Berbere: The Legendary Ethiopian Spice Everyone Should Experiment With

The world might be a prominent place, but in the era of globalization, foreign countries, cultures, and cuisines are now more accessible than ever. Even if you're not the most adventurous diner, you'll miss out if you don't try Ethiopian food.

Ethiopia is a West African country that is proudly the oldest independent country on the continent. This long history has helped to refine a unique cuisine that stands out against its regional neighbors. Many Ethiopian meals are a combination of earthy, spicy, and sour flavors that are blended together in every bite.

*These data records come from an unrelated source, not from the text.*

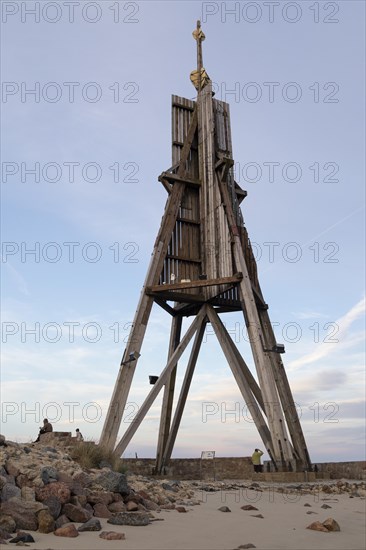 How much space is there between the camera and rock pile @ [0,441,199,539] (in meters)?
5.89

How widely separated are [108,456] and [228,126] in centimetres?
1392

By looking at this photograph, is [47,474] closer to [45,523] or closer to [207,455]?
[45,523]

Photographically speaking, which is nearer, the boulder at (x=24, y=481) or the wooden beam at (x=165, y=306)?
the boulder at (x=24, y=481)

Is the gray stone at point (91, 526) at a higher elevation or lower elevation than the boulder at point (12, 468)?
lower

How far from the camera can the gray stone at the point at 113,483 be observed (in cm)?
779

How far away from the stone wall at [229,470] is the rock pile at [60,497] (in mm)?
6373

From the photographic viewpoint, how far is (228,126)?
21109 millimetres

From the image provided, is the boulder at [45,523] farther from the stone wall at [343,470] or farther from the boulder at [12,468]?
the stone wall at [343,470]

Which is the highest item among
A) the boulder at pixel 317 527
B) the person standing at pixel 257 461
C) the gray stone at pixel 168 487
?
the boulder at pixel 317 527

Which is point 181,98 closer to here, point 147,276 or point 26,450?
point 147,276

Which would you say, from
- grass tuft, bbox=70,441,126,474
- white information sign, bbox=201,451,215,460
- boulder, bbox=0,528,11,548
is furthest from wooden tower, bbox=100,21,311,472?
boulder, bbox=0,528,11,548

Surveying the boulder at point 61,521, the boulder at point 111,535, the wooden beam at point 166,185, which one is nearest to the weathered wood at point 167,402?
the wooden beam at point 166,185

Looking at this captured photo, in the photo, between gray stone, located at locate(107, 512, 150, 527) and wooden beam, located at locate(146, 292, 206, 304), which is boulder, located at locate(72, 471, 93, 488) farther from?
wooden beam, located at locate(146, 292, 206, 304)

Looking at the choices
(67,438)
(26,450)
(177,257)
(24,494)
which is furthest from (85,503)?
(177,257) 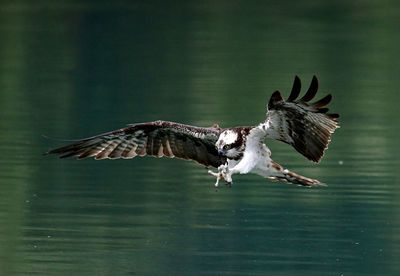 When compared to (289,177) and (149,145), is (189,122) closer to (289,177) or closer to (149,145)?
A: (149,145)

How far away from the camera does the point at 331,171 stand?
18703 mm

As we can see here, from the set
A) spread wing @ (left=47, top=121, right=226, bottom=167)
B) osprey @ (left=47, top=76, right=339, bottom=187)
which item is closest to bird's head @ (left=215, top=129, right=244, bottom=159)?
osprey @ (left=47, top=76, right=339, bottom=187)

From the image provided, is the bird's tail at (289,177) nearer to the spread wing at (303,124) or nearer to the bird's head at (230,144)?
the spread wing at (303,124)

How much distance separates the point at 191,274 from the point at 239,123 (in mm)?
9161

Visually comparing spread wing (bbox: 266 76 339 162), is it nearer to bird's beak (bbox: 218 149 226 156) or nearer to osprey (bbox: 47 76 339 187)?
osprey (bbox: 47 76 339 187)

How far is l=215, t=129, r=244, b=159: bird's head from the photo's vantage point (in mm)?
13523

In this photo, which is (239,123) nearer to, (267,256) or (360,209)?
(360,209)

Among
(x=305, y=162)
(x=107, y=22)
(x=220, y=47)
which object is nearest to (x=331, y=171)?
(x=305, y=162)

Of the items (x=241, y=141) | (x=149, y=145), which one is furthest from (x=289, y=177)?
(x=149, y=145)

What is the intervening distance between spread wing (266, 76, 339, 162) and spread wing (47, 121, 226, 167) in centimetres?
108

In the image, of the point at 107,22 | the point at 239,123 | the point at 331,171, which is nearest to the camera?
the point at 331,171

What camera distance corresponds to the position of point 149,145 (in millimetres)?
14891

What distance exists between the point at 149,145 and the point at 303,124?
1979mm

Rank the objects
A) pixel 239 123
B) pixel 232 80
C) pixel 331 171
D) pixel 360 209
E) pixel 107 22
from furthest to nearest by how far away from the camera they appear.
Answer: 1. pixel 107 22
2. pixel 232 80
3. pixel 239 123
4. pixel 331 171
5. pixel 360 209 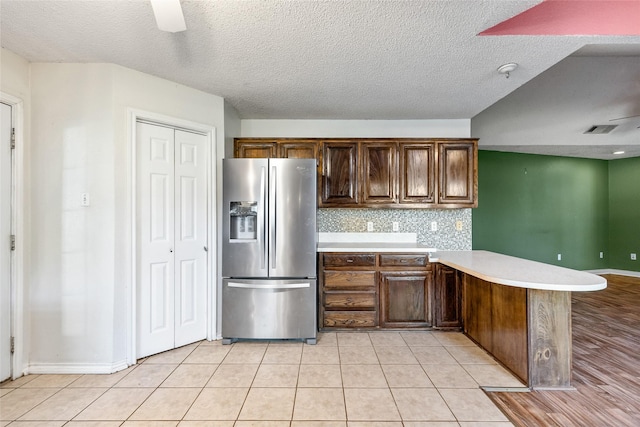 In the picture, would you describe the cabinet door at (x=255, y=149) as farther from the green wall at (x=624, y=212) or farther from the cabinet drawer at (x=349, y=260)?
the green wall at (x=624, y=212)

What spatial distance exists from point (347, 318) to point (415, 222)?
1.46 m

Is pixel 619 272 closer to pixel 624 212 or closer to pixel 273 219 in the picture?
pixel 624 212

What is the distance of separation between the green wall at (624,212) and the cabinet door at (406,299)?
5.44 metres

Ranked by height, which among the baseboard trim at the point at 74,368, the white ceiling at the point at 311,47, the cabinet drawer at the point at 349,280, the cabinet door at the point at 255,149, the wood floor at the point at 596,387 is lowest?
the wood floor at the point at 596,387

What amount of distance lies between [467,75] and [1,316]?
4.08 metres

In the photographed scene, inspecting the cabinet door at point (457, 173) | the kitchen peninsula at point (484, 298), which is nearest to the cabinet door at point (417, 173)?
the cabinet door at point (457, 173)

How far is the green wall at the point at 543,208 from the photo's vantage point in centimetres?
521

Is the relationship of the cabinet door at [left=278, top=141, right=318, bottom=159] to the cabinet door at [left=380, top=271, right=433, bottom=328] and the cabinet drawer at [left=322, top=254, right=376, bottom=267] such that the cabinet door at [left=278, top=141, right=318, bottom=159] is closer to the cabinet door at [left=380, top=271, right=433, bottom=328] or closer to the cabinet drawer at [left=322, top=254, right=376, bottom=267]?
the cabinet drawer at [left=322, top=254, right=376, bottom=267]

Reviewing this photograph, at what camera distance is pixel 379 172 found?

Most meals are enjoyed with a type of soft, thin, sourdough bread called injera. It is made with a grain called teff, and its subtle sour flavors serve as the constant companion to Ethiopian staple dishes like Messer Wot (red lentil stew).

The other backbone of Ethiopian cuisine is a potent spice mix that is used to flavor Messer Wot among countless other dishes. This spice mix, known as Berbere, might just become your new favorite spice blend.

Berbere's global origins

The name berbere likely originated in the ancient Ethiopian word for pepper. However, the spice itself originated on the other side of the Red Sea. While modern Ethiopia is a landlocked country, during the reign of the ancient Aksum kingdom, it shared its Eastern borders with the Red Sea. This created a naval trade route with the Silk Road spice trade.

Aksumite traders would use the seasonal monsoon winds to trade with the far East. On their return voyages, they would sample all of the many spices and aromatics that they had purchased, and the story goes that they would create different blends of these spices as well. The story goes that these blends would then be shared with the trader's families, and became common household spice mixes.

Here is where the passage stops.